My IL have tried coming in our house saying it's DH - I paid bulk of the deposit and it's in joint names- they get ignore or laughed at and we do what we want anyway. I had odd thing moved DSis had people -family - moved in and things taken by her MIL - you have to deal with it so it's clear it's unacceptable.
Act as a door mat and people will wipe their feet all over you.
I still have the dogs (please don't get me wrong i do love them now but would never have chosen to have them)
You are being a massive martyr over this issue of having the dogs. You made the choice to keep them you are still making the choice to keep them.

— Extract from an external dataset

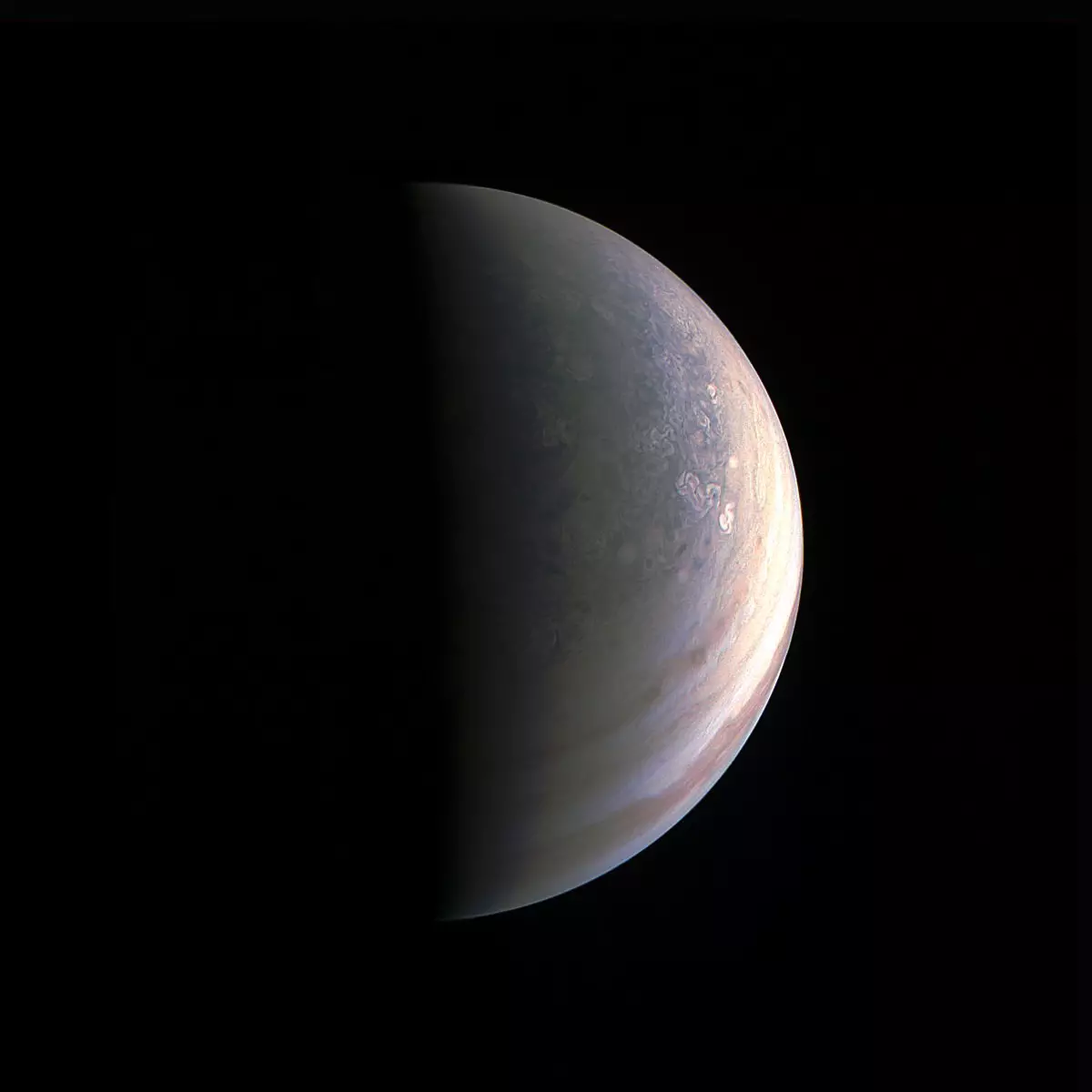 D'Juno Raumsond mécht déi éischt Biller vum Jupiter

Yet again and again it's mentioned how you took the dogs in - how you had "no choice" how you don't mind having them - how much damage they did but you don't mind - how their Dd dogs how you have to look after them - subtext aren't I great for doing this - but I want to keep them.
You seem to want praise for keeping them and having them cause problems -common puppy issues -in your house - no-one going to do that - no-one cares.
The DD who got them should care but clearly that's not happeneing and she should have been told how bloody irresponsible she was to try and keep dogs at a time in her life wouldn't allow her. Time for saying that has sailed - it's past now the time to say the dogs are mine --assuming you continue to want to keep them
Make a choice and own it.
I'd make sure the chips and vet are registered in your name - and I'd be making it clear having housed and paid for them they are your dogs and you are keeping them
In fact listening to you go on about the damge they have done to house instead of saying no to DD who got the dogs or making her make alternative arrangements - is almost certainly pissing the other kids off with you.
I don't doubt your ex has put you through hell - but you are not powerless here - you are making choicse and you can say no to anyone on any subject.
If someone enters your house and says get rid of pets - tell them to fuck off or treat it like a joke that can't possibly be serious. Put a boundary in don't assume they an unwritten one everyone will follow.